____ AVAILABLE RECORDS
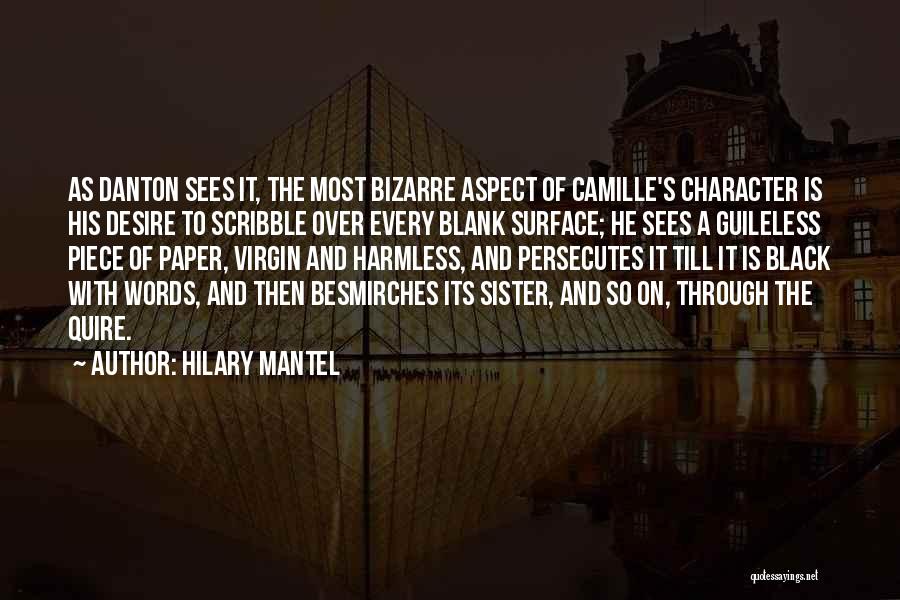 Hilary Mantel Quotes: As Danton Sees It, The Most Bizarre Aspect Of Camille's Character Is His Desire To Scribble Over Every Blank Surface;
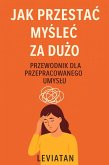 Jak przestac myslec za duzo - Przewodnik dla przepracowanego umyslu (eBook, ePUB)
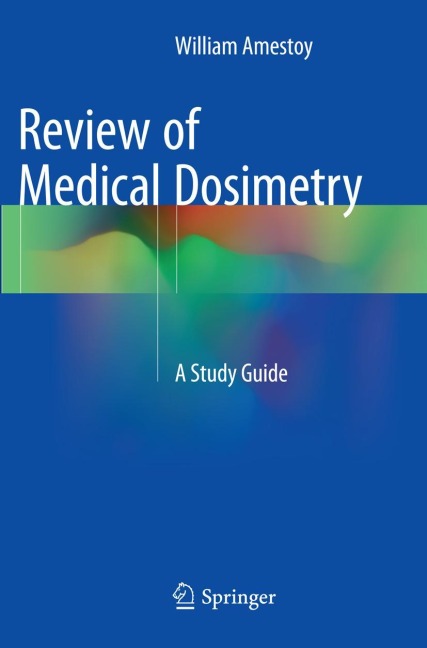 Review of Medical Dosimetry: A Study Guide
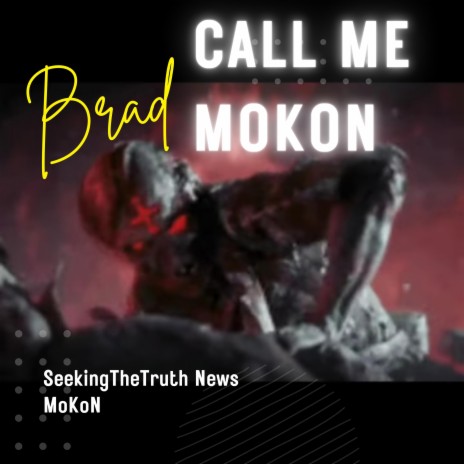 Call Me MoKoN (Unfinished) 2022 | Boomplay Music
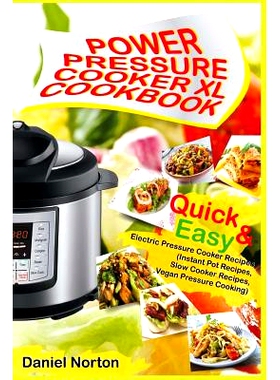 预订 Power Pressure Cooker XL Cookbook: Quick & Easy Electric Pressure Cooker Recipes (Instant Pot Recipes, Slow Cooker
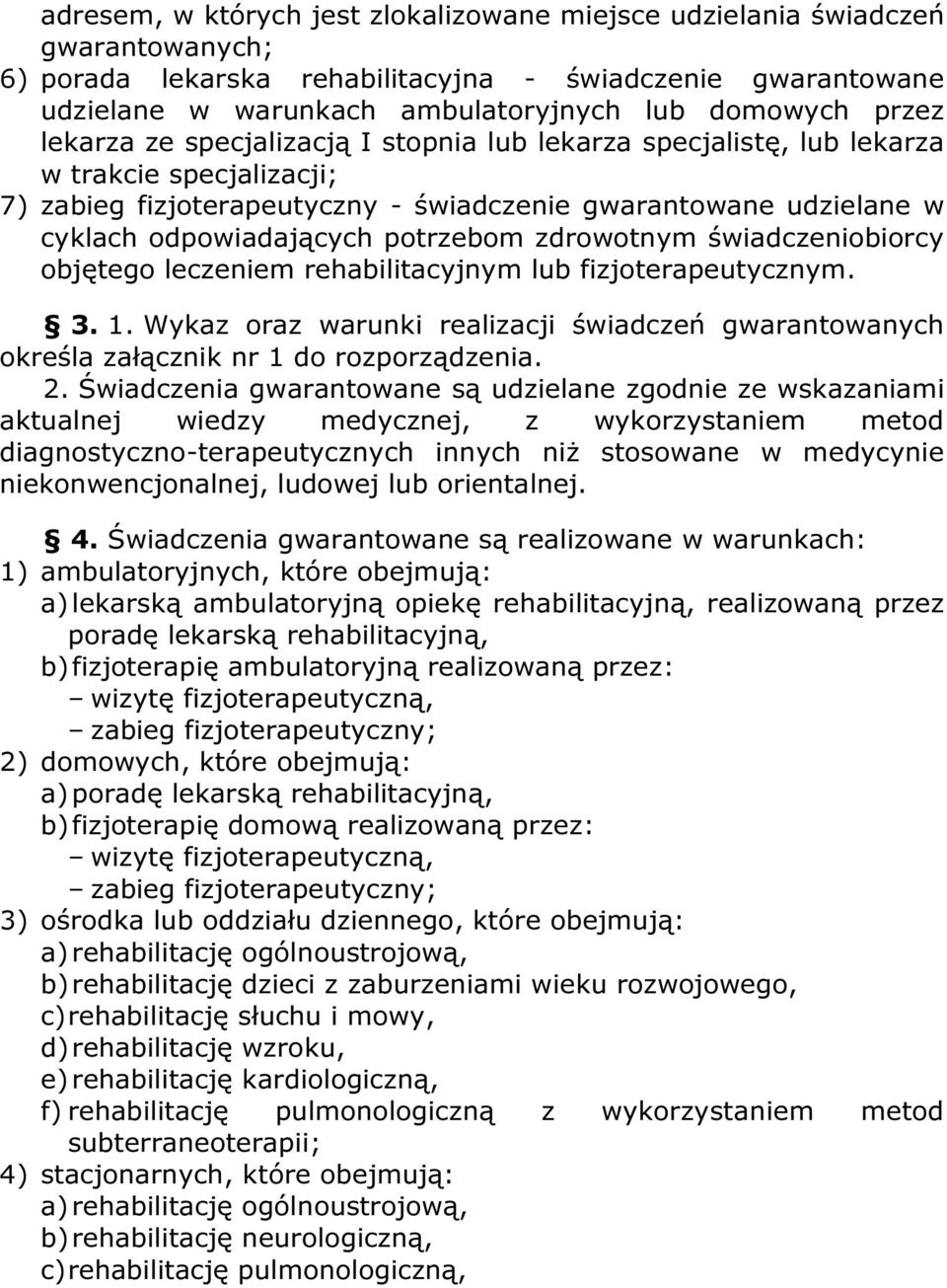 potrzebom zdrowotnym świadczeniobiorcy objętego leczeniem rehabilitacyjnym lub fizjoterapeutycznym. 3. 1.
________
WORK TO COMPLETE:
The first line of the entries, the line containing "预订 Power Pressure", and every line between them are to be output exactly; pictures are not.

RESULT OF THIS TASK:
 Hilary Mantel Quotes: As Danton Sees It, The Most Bizarre Aspect Of Camille's Character Is His Desire To Scribble Over Every Blank Surface;
 Jak przestac myslec za duzo - Przewodnik dla przepracowanego umyslu (eBook, ePUB)
 Review of Medical Dosimetry: A Study Guide
 Call Me MoKoN (Unfinished) 2022 | Boomplay Music
 预订 Power Pressure Cooker XL Cookbook: Quick & Easy Electric Pressure Cooker Recipes (Instant Pot Recipes, Slow Cooker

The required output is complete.